Understanding Trends in the Jail Population in Louisville Metro, Kentucky: 2010 to 2019
This report and related research brief provide key metrics on the jail population in the Louisville Metro Detention Center (LMDC), including trends in jail admissions, length of stay, bed days utilized, and individuals who return to jail repeatedly. These reports provide key insights into the factors driving jail populations in LMDC and highlights key policy changes that may be influencing the number of people admitted to jail and how long they stay in jail. This study was funded by the Pew Charitable Trusts and is the first in a series of studies on jail populations in jurisdictions that make up The Research Network on Misdemeanor Justice (RNMJ), a project of the Data Collaborative for Justice (DCJ).
- Fewer low-level arrests have resulted in fewer jail admissions. Driven by fewer arrests for misdemeanors and violations, admissions to the LMDC declined by 35% between 2010 to 2019 – from a high of 43,724 admissions to 28,255 admissions.
- Increases in length of stay are a key driver of jail populations. Between 2010 and 2019, the average length of stay increased from 18.9 days to 30.4 days – a 60% increase that had a significant impact on the size of the jail population. The people who were most likely to stay in jail for more than 30 days were those who were booked on new charges, those awaiting transfer to state prison, and people charged with crimes against persons.
- Bail continues to be a key driver of the jail population. Length of stay decreased for those with bail set below $5,000; however, those with the higher bails saw a substantial increase in length of stay from 56 to 92 days and accounted for 86% of people with bail set who spent 180+ days in jail.

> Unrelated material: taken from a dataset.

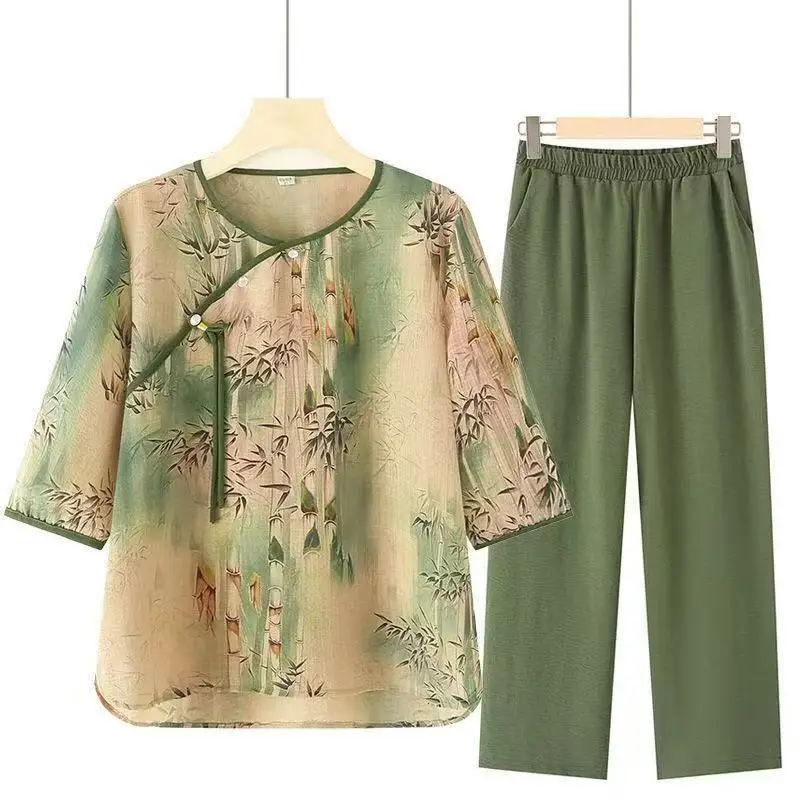 Women's New Printed Fashionable Loose Top Elastic High Waist Wide-leg Pants Suit
Women's New Printed Fashionable Loose Top Elastic High Waist Wide-leg Pants Suit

- Black people are disproportionately represented in jail admissions and experienced significant increases in lengths of stay between 2010 and 2019. In 2019, Black people accounted for 39% of jail admissions but just over 20% of the population of Jefferson County. The average length of stay for Black people increased 15 days over the study period, compared to a 10 day increase for white people.
- A significant proportion of people return to jail repeatedly. Of people jailed in 2010, 69.8% returned to jail at least once between 2010 and 2019 and over a quarter (27.7%) returned five or more times.